I meant if a breeder were to breed two dogs that they were certain would create pups predisposed to have HD, but were going to be nice eye candy, or great dispositions etc. and totally ignored the fact that the bitch (or sire) threw pups who had HD. 

Replace HD with any other genetic defect that would be life threatening, or change the quality of life for the dog. I would feel the same way. 

I realize there is no exact science - and the best you can do is only utilize breeders who have done all of the hard work to put the odds in your favor. But to find out that some breeders who represent themselves as such, and in fact aren't is totally amazing to me.


----------



## GSDElsa (Jul 22, 2009)

Xeph said:


> And nobody has answered my question about what is to be done for the person that ends up with the severely dysplastic dog from such a breeding.
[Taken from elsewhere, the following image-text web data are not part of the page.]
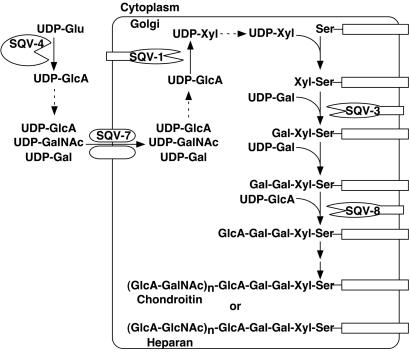 Fig 5.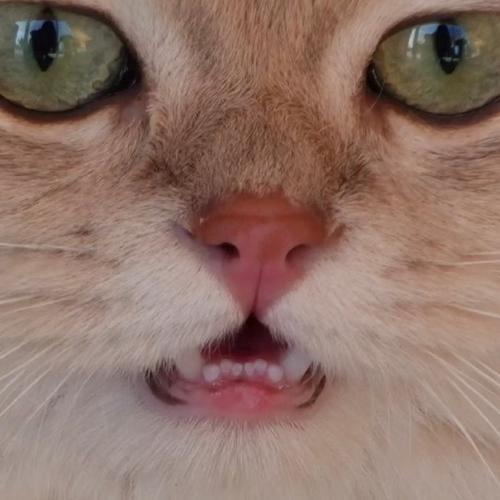 猫咪口臭怎么去除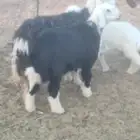 ملل الجنوبي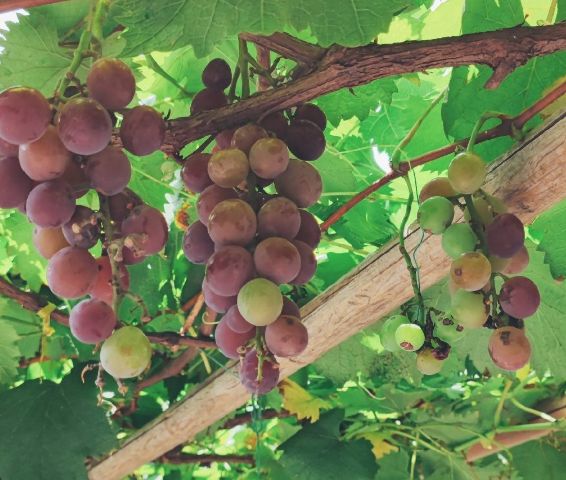 葡萄籽能抗癌抗氧化延缓衰老,抗氧化葡萄籽抗癌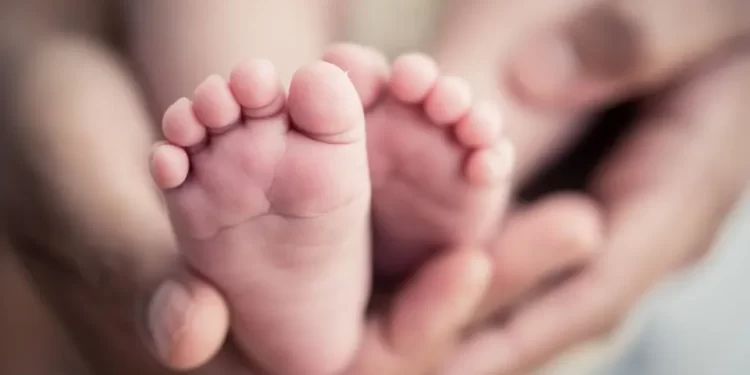 Lei reduz prazo e assegura renda imediata para mães em licença-maternidade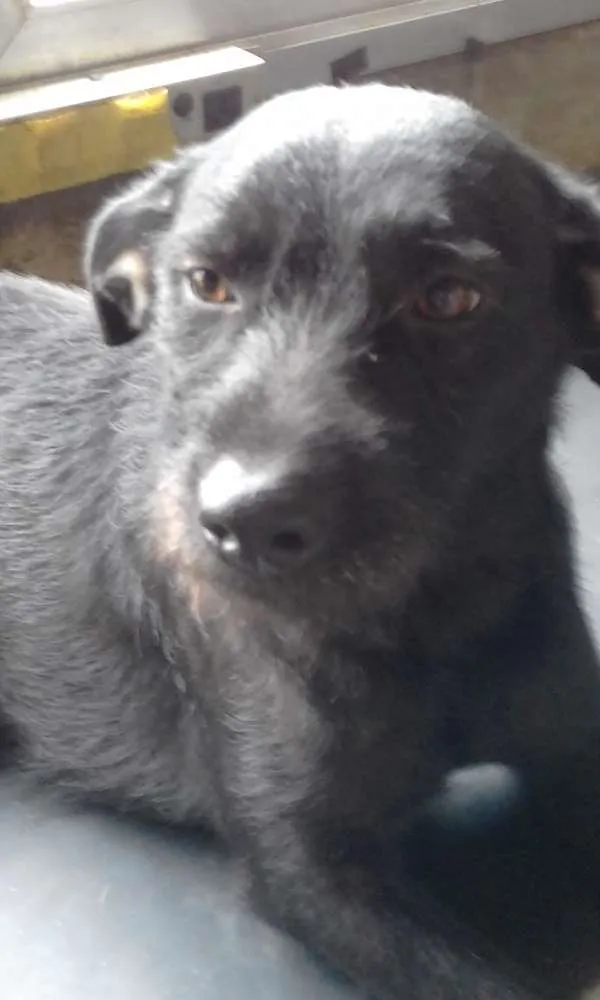 Cachorro ra a Indefinida idade 1 ano nome Neguita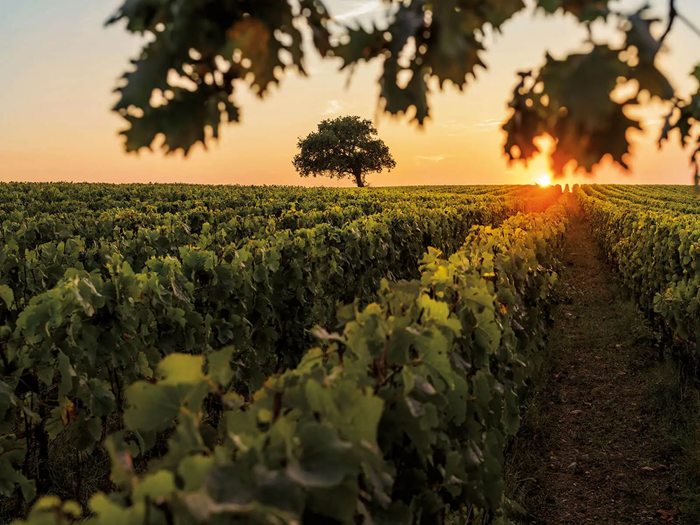 vin italien le plus cher
vins italiens les plus chers
Tenuta Dell'Ornellaia
Ornellai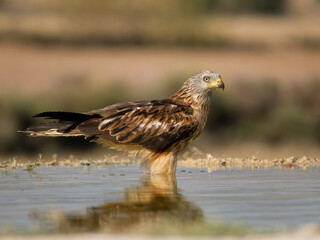 Red kite, Milvus milvus,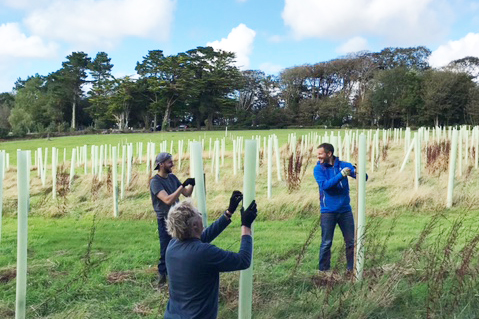 Tree Planting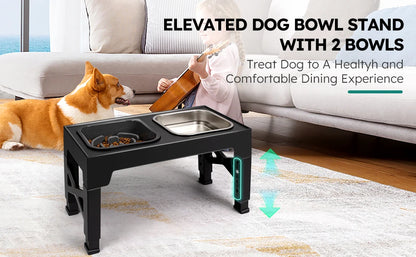 2-in-1 Elevated Slow Feeder Dog Bowls
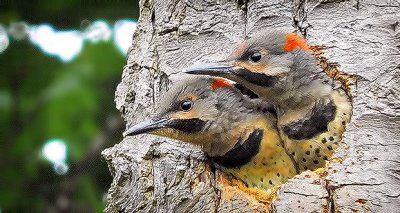 Juvenile Flickers DSCN10996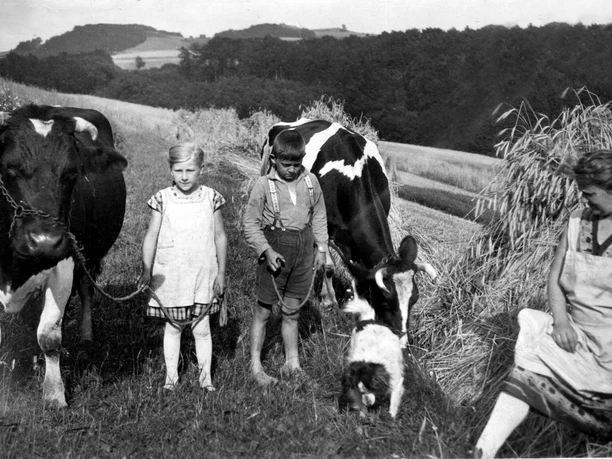 Eine Frau mit zwei Kindern und einem Hund steht neben Kühen auf einer Wiese, umgeben von Feldern.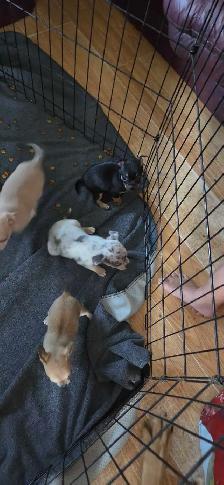 Chiots, chihuahuas, tête de chevreuil - Photo 8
Or the dog itself.


Same thing that is done for a person that ends up with a dog with HD from two "excellent" parents. Whatever is stipulated in the contract.


----------



## GSDBESTK9 (Mar 26, 2002)

Very true Justine, this is the very reason why my hubby likes the German imports, because he can research the lines way back, look up littermates, grandparents, etc. etc.


----------



## GSDElsa (Jul 22, 2009)

I just thought that it would be interesting to note that there are FIVE criteria the OFA suggests that breeders take into account when choosing a pairing.......

The following breeding selection criteria have been demonstrated
to more rapidly and effectively reduce the frequency of
undesirable traits: 

*1. Breed only normal dogs to normal dogs*​​​​—using hip dysplasia
as an example, Table 1 illustrates the outcome of matings based on
information extracted from the OFA database. A total of 444,451
progeny were identifi ed where both parents had hip conformation
ratings. The percentage of dysplastic progeny increased as the sire’s
and dam’s phenotypic hip ratings decreased from excellent through
dysplastic. Reed (2000) reported equal genetic contribution on
progeny hip scores from the sire and dam.​
_Orthopedic Foundation for Animals, Inc.​​​​11​
_*2. Breed normal dogs that come from normal parents and*
*grandparents*​​​​—this employs the traditional horizontal pedigree
with emphasis on the most immediate three generations (50% genetic
contribution from each parent, 25% from each grandparent
and 12.5% from each great grandparent)
​
*3. Breed normal dogs that have more than 75% normal siblings*​​​​—
this information is usually not available since most animals
in a litter become pets and are not screened for undesirable traits.
Breeders can add incentives to purchase contracts in an attempt
to gather this information, such as offering reimbursement for a
preliminary hip radiograph taken when the pet dog is spayed/neutered.
​
*4. Select a dog that has a record of producing a higher than*
*breed average percentage of normal progeny*​​​​*—*if known, the
comparison of production performance between individuals is an
important criterion. For example, a stud dog with a track record
of producing 90% normal progeny is far superior to another dog
producing only 50% normal progeny.
​
*5. Choose replacement animals that exceed the breed average*​​​​*—*
exert constant, consistent pressure to ensure overall breed​
improvement.


----------



## robinhuerta (Apr 21, 2007)

I choose to support breeders that consider "all" aspects of this breed when considering a litter. 
I'll purchase and invest in the breeder that requires more from breeding, (than just hips)... and consistently produces good dogs. 
*It's kinda like all or nothing for me...but maybe that's just me.?*

I think the topic has been taken in an "all one way or nothing" direction....
Breeding is RESEARCH.....one must take ALL data available and put it to use.
ALL aspects of health...ALL aspects of temperament...ALL aspects of function.....and *only then*, conclude what is best and most genetically sound.
JMO...maybe I should refrain from posting to this topic any further....I can't see in only black and white...
(good reference..that black & white comment!)


----------



## GSDElsa (Jul 22, 2009)

I will say to people who are nervous about this aspect of the breed/breeding. A good breeder ALWAYS is transparent with their breeding dogs certs and scores for HD and ED (even if they don't TELL you, you should easily be able to look it up). And some dogs you can look up the dogs ZW score...with 100 being "average" and the lower the score the better (ie Medo's dad is way above average with a ZW score of 73). The ZW system takes into account all the dogs in the pedigree and their hip scores to give an idea of how good the hip ratings are throughout the ENTIRE pedigree...not just ONE dog. 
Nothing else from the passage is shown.